For a project I'm trying to get data from a website only acessible when you're logged in from the site Goodreads.com. I'm new to Jsoup, since I'm using it only for this particular project. Getting the relevant data from the website is not a problem, but I can't seem to get to the particular page I need. The page I'm trying to acces is viewable only when logged in, when not logged in it rederects to the log-in page.
I've looked through the answers here, but the answers given so far have not helped.
What I have now:
String url = "http://www.goodreads.com/friend/user/7493379-judith";
Connection.Response res = Jsoup.connect("http://www.goodreads.com/user/sign_in")
.data("email", "MYEMAIL", "user_password", "MYPASSWORD")
.method(Connection.Method.POST)
.execute();
Document doc2 = res.parse();
String sessionId = res.cookie("_session_id");
Document doc = Jsoup.connect(url)
.cookie("_session_id", sessionId)
.get();
I got this far with help of the answers here, but it doesn't work, I'm still only getting the data from the log-in page it rederects to.
I have several questions:
Most importantly of course; How can I make it work?
The given answers here heve used method.(Method.POST) instead of method.(Connection.Method.POST) . When I use the first one however, I get an error that Method cannot be resolved. Anyone know why this is?
The examples I've seen have used "username" and "password" in .data() . What exactly do these refer to? I've now used the name of the input box. Is it the name, the type, the id, what exactly? Since Goodreads does not refer to the log in as the username, but as the e-mail, I assume I have to change them. (username & password doesn't work either)
Examples also use http://example.com/login.php as example url. Goodreads doesn't have a /login.php page though. Am I correct to assume I have to use the url with the log-in screen?
_session_id is the name of the relevant cookie on Goodreads.
I'd be very grateful if anyone can point me in the right direction!
See carefully what data is posted on login:
user[email]:email#email
remember_me:on
user[password]:plain_pasword
n:667387
So your post must execute exact same keys.
2.Make sure, you make right import: import org.jsoup.Connection.Method;
but Connection.Method.POST is still good.
3.See p1
4.Yes, you are correct
5.what is the question?
Goodreads requires two things when logging in: first, that you have a session ID stored in a cookie, and second, that you have a random generated number.
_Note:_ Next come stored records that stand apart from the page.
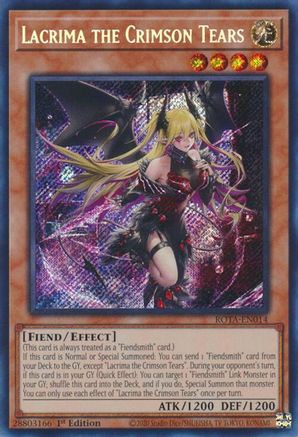Image of Lacrima the Crimson Tears [ROTA-EN014] Secret Rare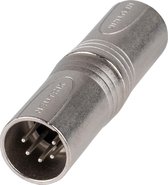 Neutrik NA5MM XLR 5-pins (m) - XLR 5-pins (m) DMX koppelstuk / grijs
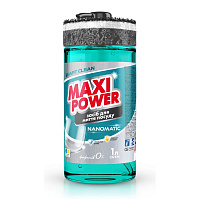 Засіб для миття посуду Maxi Power Nanomatic 1 л + губка 1 шт.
You can get these when first visiting the login page without logging in: it will set a cookie with a session ID, and the form will contain a hidden input form (i.e. ) with the name "n" and value a number. Save these and pass them along as respectively a cookie and a form value when logging in.
Some remarks about the way I found this out:
The first thing you need to realise is that you're trying to recreate the exact same requests your browser does with Jsoup. So, in order to check whether what you have right now will work, you can try to recreate the exact same situation with your browser.
To recreate your code, I went to the login page, then I deleted all my Goodreads cookies (as you don't send along any cookies when you send the login request as well), and attempted to sign in with only passing the username and password form values. It gave an error that my session had timd out. When I first loaded the login page and then deleted all cookies except the session ID and did not remove the "n" form value, I could log in successfully. Therefore, you want to make a general GET request to the sign in page first, retrieve the session ID cookie you get there and the hidden form value, and pass it along with the POST request.
It could be that the API changed or that there just are several ways. Using Connection.Method.POST will do fine, in any case.
Yes, they refer to the names of the input boxes. This should be id, however, since name was used in the past and not all versions of all browsers supported passing the ids as data, most websites are just adding both. Either should be fine.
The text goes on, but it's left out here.